Concerned counselors and students connect over mental health issues

Students+at+OHS+may+be+struggling+with+mental+health+issues+that+you+are+unaware+of.+Check+on+your+students+and+your+friends.

Getty Images/iStockphoto

Students at OHS may be struggling with mental health issues that you are unaware of. Check on your students and your friends.

At OHS, students reach out to counselors for many reasons. However, following the losses of two loved OHS juniors, counselors reached out to students and visited U.S. History classes to speak about mental health in a school setting. Feedback has been mixed about whether these lessons will benefit the students.
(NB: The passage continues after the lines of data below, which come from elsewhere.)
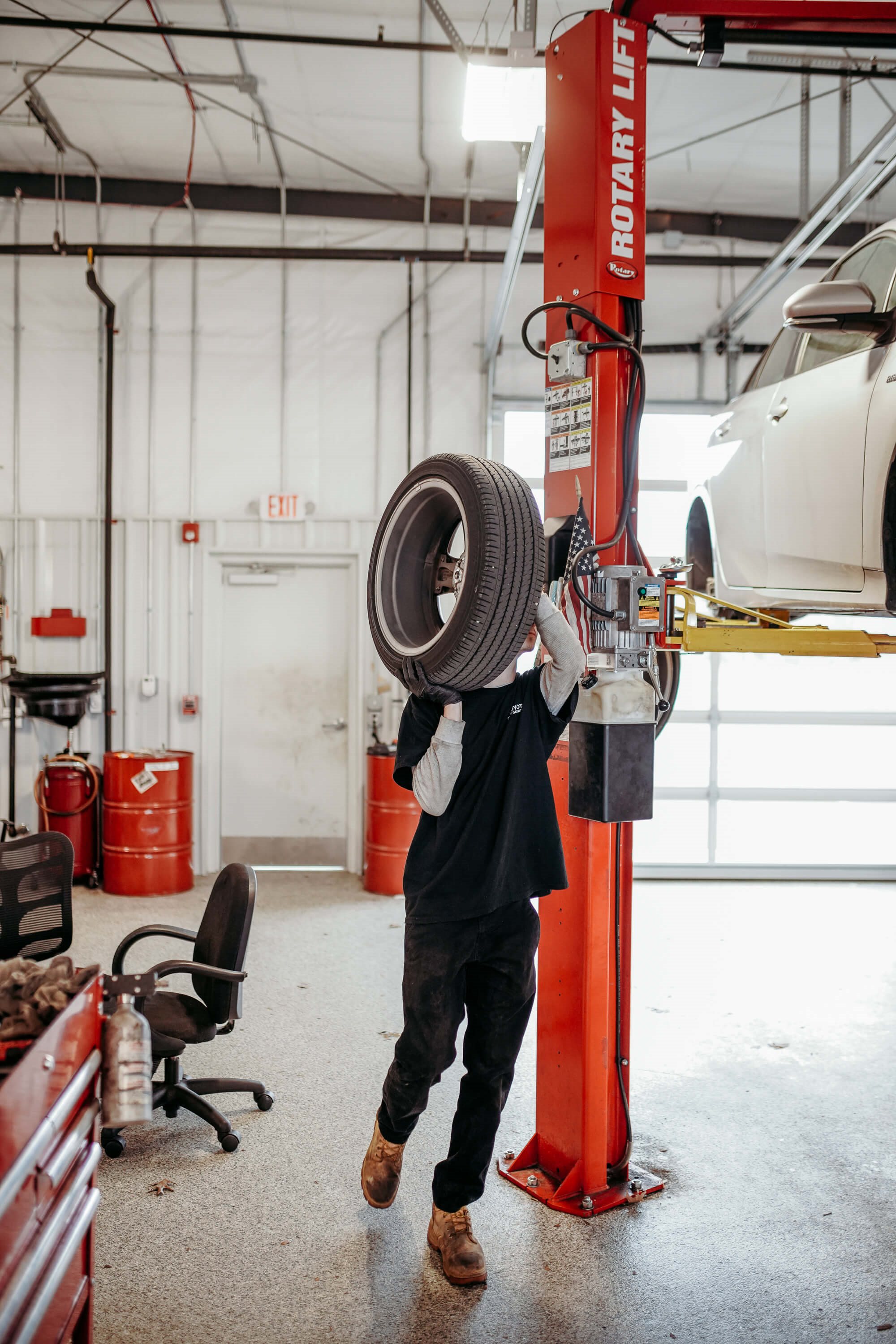 Toyota of Gallatin technician carrying a tire inside the Gallatin service center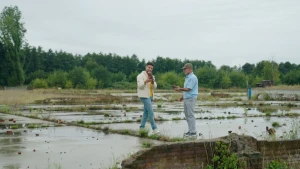 Een foto van twee mensen die buiten staan te praten. Ze staan op betonnen platen met onkruid ertussen. Ze hebben stenen in hun handen.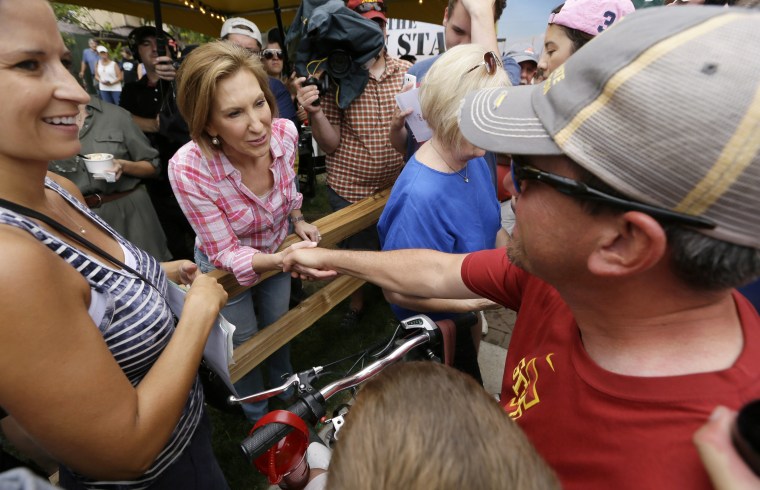 Republican presidential candidate Carly Fiorina greets fairgoers during a visit to the Iowa State Fair, Monday, Aug. 17, 2015, in Des Moines, Iowa. (AP Photo/Charlie Neibergall)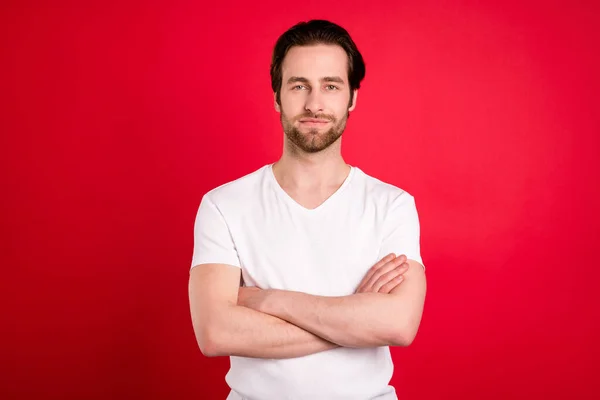 Foto de confianza joven marrón peinado hombre cruzó brazos usar camiseta blanca aislada en el fondo de color rojo — Foto de Stock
The lessons began on January 12th. Natasha Landram, OHS counselor, began her lesson in Valerie Davis’s first period A.P. US History class, saying that her aim is “giving juniors a chance to vocalize what they’re feeling, what we can do better, what’s been lacking for them… just giving them a chance to talk.” Many students did.

The class took this opportunity to express many concerns about mental health and management at Oly, and began by stating that while teachers tried to give time for processing, their workload was not at all, or only slightly, changed. Topics about course load and academic pressure emerged.
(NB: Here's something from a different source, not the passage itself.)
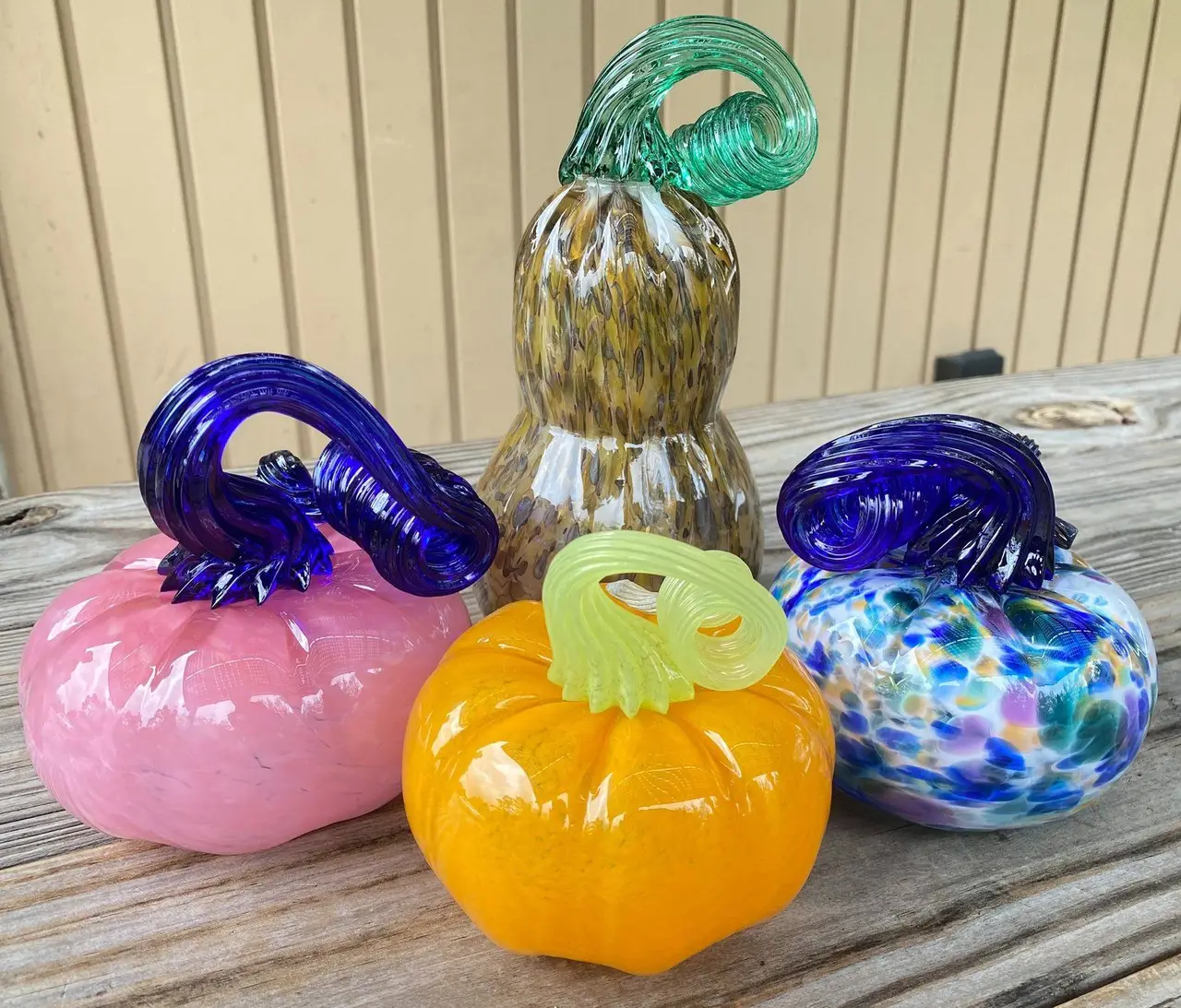 Student-made glass pumpkins and a gourd in pink, orange and swirled blue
Landram addressed concerns by saying that “We [counselors] have tried to nicely ask teachers to kind of ‘chill out’ for the week.” Natasha Thompson, a student in Davis’s class, responded with “I have three tests tomorrow… I’ve already taken two tests this week. It would be nice if you could ask less nicely.”

Kelley Rasanen, an OHS counselor working with Landram to visit U.S. History classes, said she believed that a reason for the heavy courseload over the week was due to AP coursework. “..[AP classes] have content to cover for that AP test at the end of the year,” Rasanen said. Thompson pointed out that this wasn’t unique to AP classes. She replied later
that to her, this expressed a priority of “curriculum over mental health.”

Landram stated during her lesson that the junior class is evidently struggling. “We’ve had four junior boys pretty significantly impacted by life choices.” When asked in an interview about contributors to depression at Olympia High School, Landram stated stress was a major factor and could be due to a number of things: “Family relationships, pressure to be the best, intense academics… loneliness or feeling isolation.”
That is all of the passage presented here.